Критерий общественного прогресса может быть исключительно конкретно-историчным, и даже развитие человека не является универсальным критерием. Иногда деградация человека вполне может оказаться необходимым условием развития общества, то есть, и самого человека, его сущности. Можно сказать, что так бывает в каждой общественно-экономической формации, основанной на эксплуатации человека человеком. Это может нам нравиться или нет, мы можем восхищаться искусностью специалистов, а можем сокрушаться одномерностью буржуазного человека, но фактом остается то, что без разделения труда и доведения этого разделения до крайних пределов не может быть уничтожения разделения труда. Как известно, таким пределом является превращение человека в придаток к машине, Когда машинообразный характер общественного труда становится всеобщим.
Притом, парадокс состоит в том, что если буржуазное общество эту задачу не выполнило — не довело разделение труда до тех пределов, после достижения которых только и возможно уничтожение разделения труда, то это приходится доделывать социалистическому обществу. А буржуазное общество в принципе не может завершить эту работу по причине присущей ему анархии производства. Оно утверждает беспредельное господство абстрактного труда над конкретным и тем самым весьма успешно превращает в биоробота по производству прибавочной стоимости каждого члена буржуазного общества (даже в случае, когда он ничего не производит, а только потребляет), оно доводит до совершенства государственную машину, но оно не в состоянии превратить хозяйство страны в «единую фабрику», без чего процесс становления разделения труда нельзя считать завершенным.

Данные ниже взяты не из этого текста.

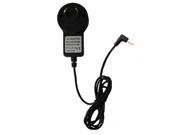 AU Home Wall Charger AC Adapter Power Supply Cord for Sony PSP 1000 2000 3000 Console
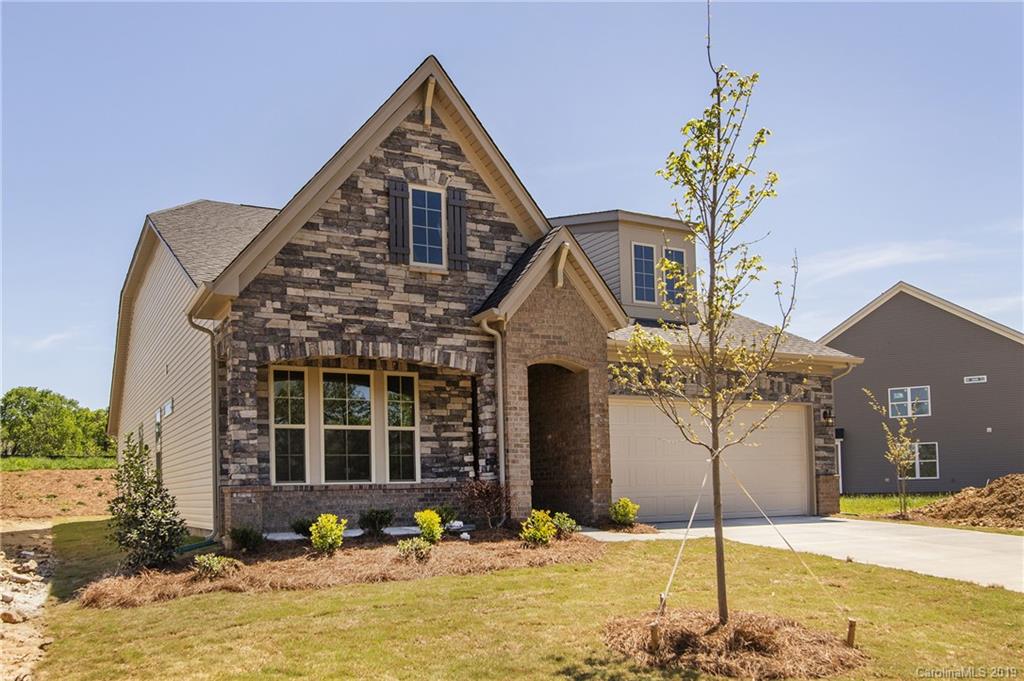 4350 Hunton Dale Road Northwest, Unit 69 Concord, NC 28027 - Photo 1 of 23 Gallery Image 1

Вот и приходится социализму решать эту почти что неразрешимую задачу — превосходить капитализм по уровню производительности труда, что возможно исключительно только на путях более совершенствования машинообразного характера этого труда, и в то же время уже с самого начала уничтожать абстрактный характер труда, то есть товарное производство. Как показала практика строительства социализма, одних только усилий по уничтожению разделения труда в сфере государственного управления не только мало, но они оказываются нереализуемыми без соответствующей технической базы — средств автоматизации в сфере управления на всех уровнях — от автоматизации всех основных технологических процессов до создания автоматизированных систем управления экономикой в целом. Как только хотя бы в общих чертах решается последний вопрос, капитализм оказывается не в состоянии конкурировать с социализмом.